ステージとなるのは、きらびやかなホールではなく、実際に業務が行われているNHK放送センターのオフィスの一角だ。モニター用のスピーカーもなく、響くのはアーティストの「生声」と「生音」のみ。梶浦は「あまりにもクローズな空間なので、気を付けないとお客さんの存在を忘れそうになる」と語り、まるで自室でピアノを弾いているような、かつてないパーソナルな感覚に驚きを隠せなかった。
緻密な構築美から、あえて「不自由な音楽」へ
梶浦由記の音楽といえば、何層にも重なるコーラスや、完璧に構築されたアレンジが代名詞だ。今回の編成として、当初は3人程度の少人数構成も検討したというが、「ファンの皆さんが聴きたいであろう曲」を追求した結果、YUUKA、KAORI、YURIKO KAIDA、Joelle、LINO LEIA、EMIKOをボーカリストに迎え、弦楽器やパーカッションを含む豪華な布陣となった。

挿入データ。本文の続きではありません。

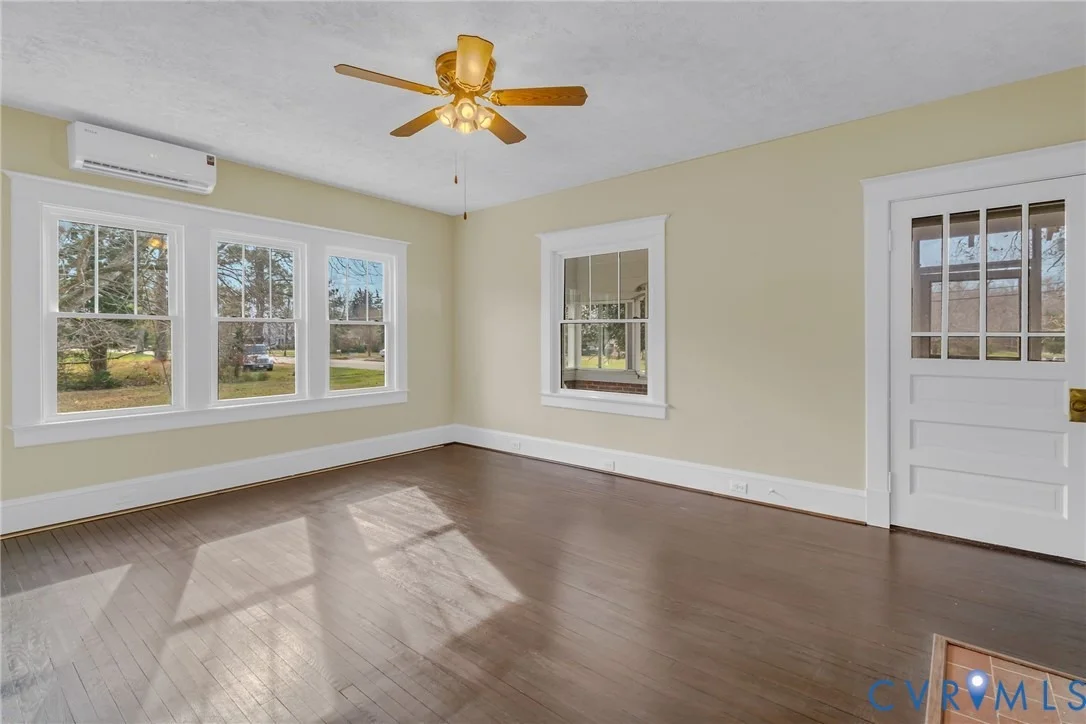 Photo of 109 Courthouse Road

梶浦はこの日集まったミュージシャンたちを「自慢のメンバーだ」と胸を張る。慣れ親しんだメンバーとのセッションだが、オフィスの音響環境は「聴こえる音しか聴こえない」という特殊なもの。普段のライブではイヤモニ(インイヤーモニター)を使用して細部まで音を調整し、「最善の状況」を作る梶浦だが、今回は「調整できない不自由な環境」をあえて楽しむことに決めた。「仲間内で遊んでいるような感覚」で生まれたサウンドには、計算を超えた初期衝動のような歓喜が宿っていた。

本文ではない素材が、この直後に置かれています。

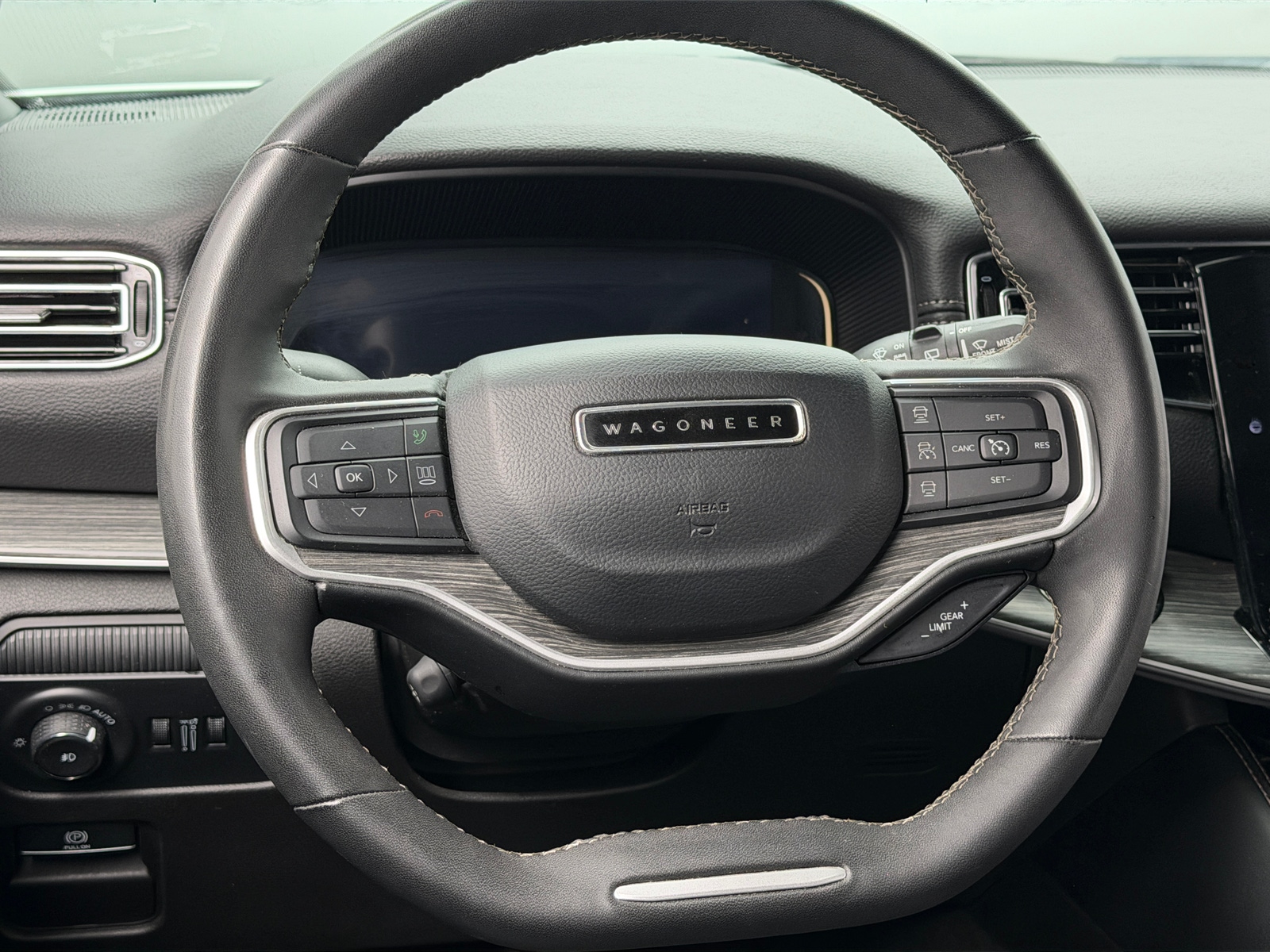 Thumbnail: 2024 Jeep Wagoneer - 4
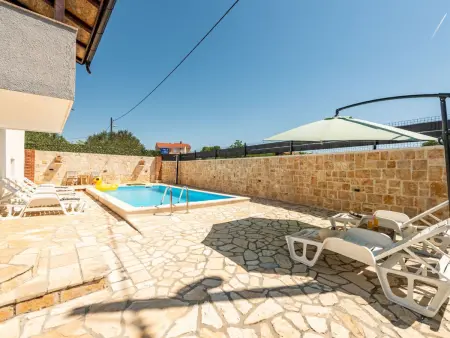 Villa Ariane avec piscine privée, Policnik : photo 12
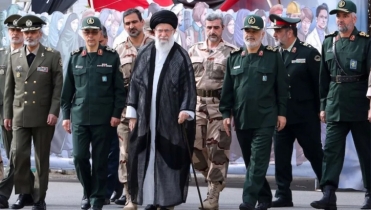 খামেনির দিকে হাত বাড়ালে সেই হাত কেটে ফেলা হবে: ইরান সেনাবাহিনী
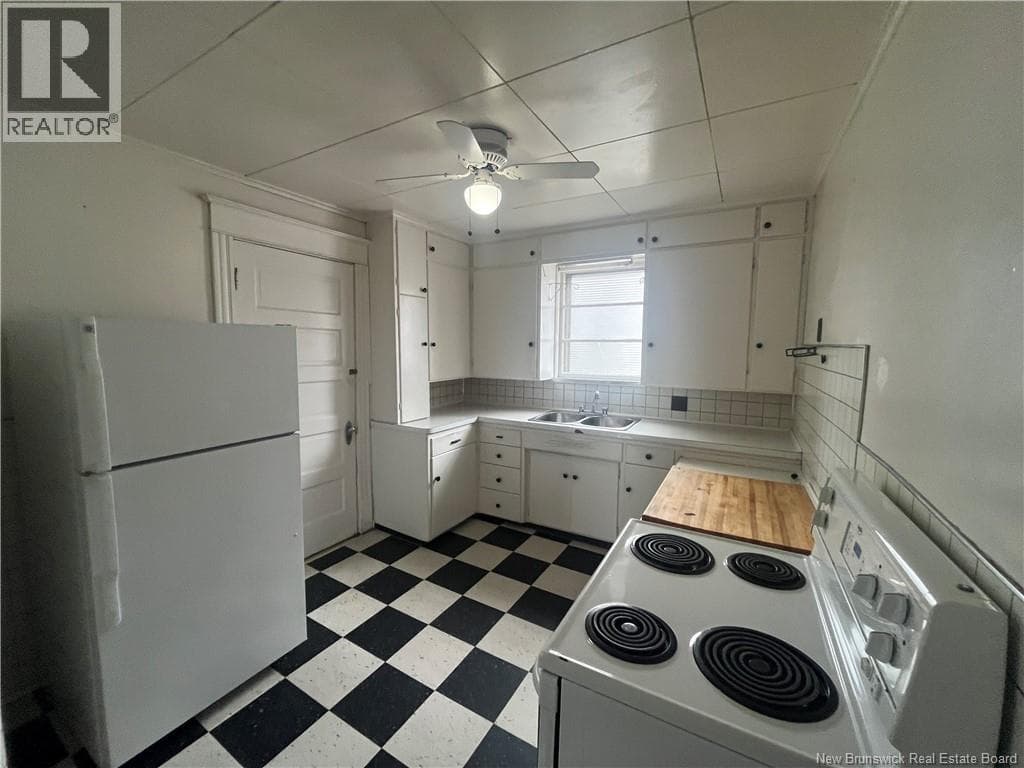 102-104 Lansdowne Avenue, photo 17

また、アグレッシブな楽曲でも歌を真っ直ぐ届けるために、演奏をあえて削ぎ落としていったことも新鮮な体験だったという。「みんな、こんなに大人な演奏ができたんだ」という再発見や、軽快なアプローチによって「案外、これでもいけるんだ」と楽曲の新たな表情に気付かされたと振り返った。
LiSAとの共演:至近距離で感じた生身のブレス
今回のハイライトの一つが、スペシャルゲスト・LiSAとの共演だ。『劇場版「鬼滅の刃」無限列車編』の主題歌「炎」を、梶浦のピアノとLiSAの歌唱のみでパフォーマンス。LiSAはピアニッシモからフォルテッシモまでダイナミックに抑揚をつけ、情感豊かに歌い上げていく。オフィスに響き渡る剥き出しの歌声は、儚さと力強さ、そして希望を感じさせるものだった。歌唱後、LiSAは「梶浦さんと『炎』を歌わせていただく機会は何度かありましたが、今日が一番緊張した。どこを向いても人」と語り、至近距離を観客に囲まれる特別な緊張感を楽しんでいる様子だった。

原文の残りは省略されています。